ENVIRONMENTAL, SOCIAL, GOVERNANCE + RESILIENCE (ESG+R)
Granite completed its fifth annual GRESB Real Estate Assessment in the third quarter of 2024. GRESB’s 2024 results were published in October 2024 and Granite ranked 1st out of 7 in the Northern America | Industrial | Listed | Tenant Controlled peer group. In 2024, Granite’s score decreased by 2 points (3%) compared to 2023 as a result of significant changes to the GRESB scoring methodology, but still maintained a 1st place ranking in its peer group and a 3-star rating. Granite completed the 2024 GRESB Public Disclosure Report and results are expected in the fourth quarter of 2024. The GRESB Public Disclosure Report evaluates the level of ESG disclosure by listed property companies and REITs. Granite continues to implement strategic initiatives to enhance its ESG+R Program into 2025 and beyond.
2024 OUTLOOK
For 2024 outlook, Granite’s FFO per unit forecast remains unchanged at $5.30 to $5.40. For AFFO per unit, we are increasing the forecast range by $0.05 to $4.65 to $4.75 from the previous forecast of $4.60 to $4.70 due to a reduced estimate in AFFO-related capital expenditures for the year from $28 million to $25 million.

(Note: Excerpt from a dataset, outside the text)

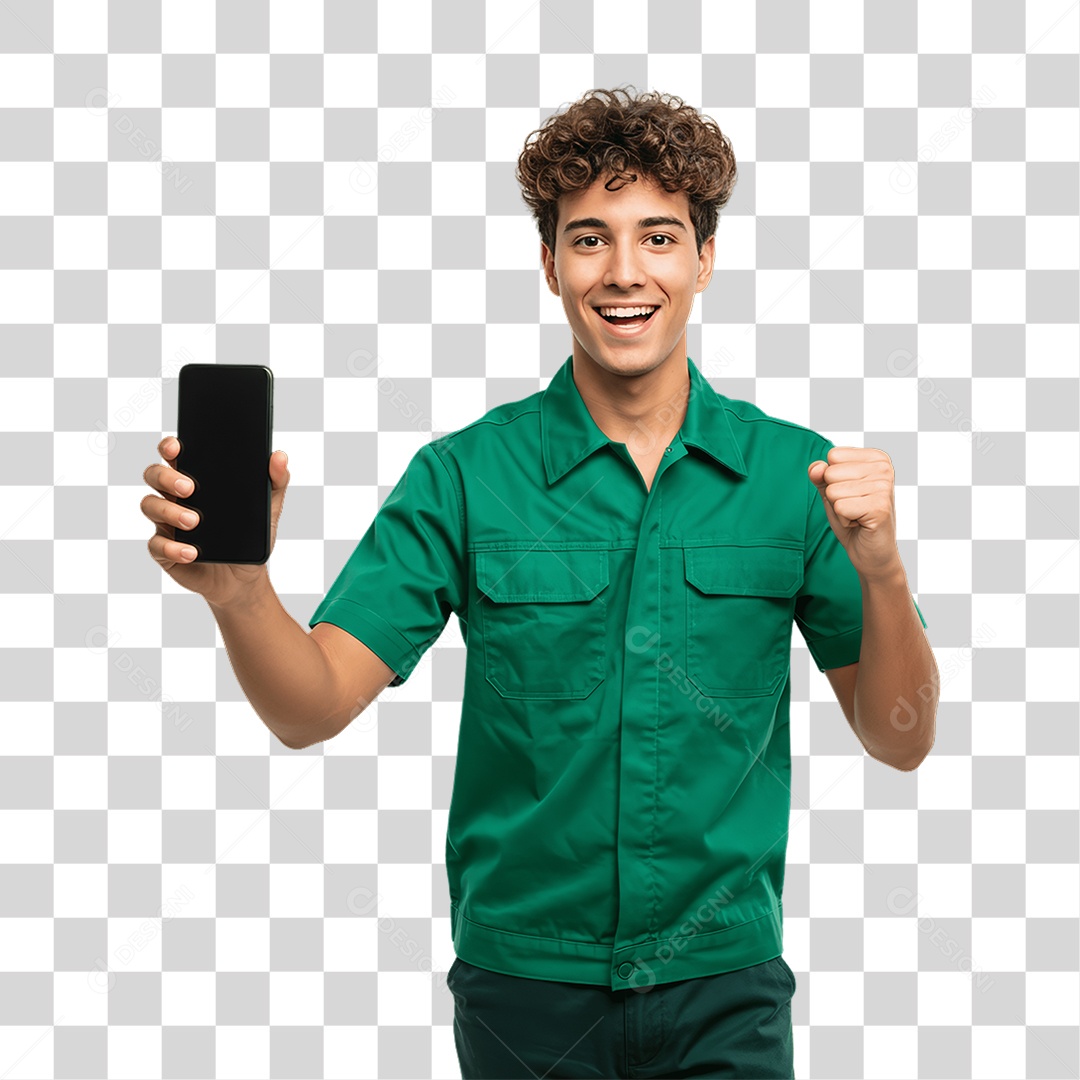 Jovem Rapaz Homem com Celular nas Mãos PNG Transparente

Granite has made a small modification to the foreign currency exchange rate assumption pertaining to the Euro for the forecast period from October to December 2024. The high and low ranges reflect foreign currency exchange rate assumptions where the high end of the range estimates the Canadian dollar to Euro exchange rate of 1.50 (previously 1.48) and the Canadian dollar to US dollar exchange rate of 1.38. On the low end of the range, we continue to assume exchange rates of the Canadian dollar to Euro of 1.43 and the Canadian dollar to US dollar of 1.32. With respect to constant currency same property NOI – cash basis guidance, Granite is forecasting the four-quarter average over 2024 to come in at approximately 6% which is at the lower end of the forecast range previously provided of 6.0% to 6.5%, implying constant currency same property NOI – cash basis of approximately 6.6% for the fourth quarter 2024. The revised forecast in constant currency same property NOI - cash basis is a result of updated vacancy and leasing assumptions. Granite’s 2024 outlook assumes no acquisitions and dispositions, excludes all corporate restructuring costs and assumes no favourable reversals of tax provisions relating to prior years which cannot be determined at this time.
Non-IFRS measures are included in Granite’s 2024 forecasts above (see “NON-IFRS PERFORMANCE MEASURES”). See also “FORWARD-LOOKING STATEMENTS”.
CONFERENCE CALL
Granite will hold a conference call and live audio webcast to discuss its financial results. The conference call will be chaired by Kevan Gorrie, President and Chief Executive Officer.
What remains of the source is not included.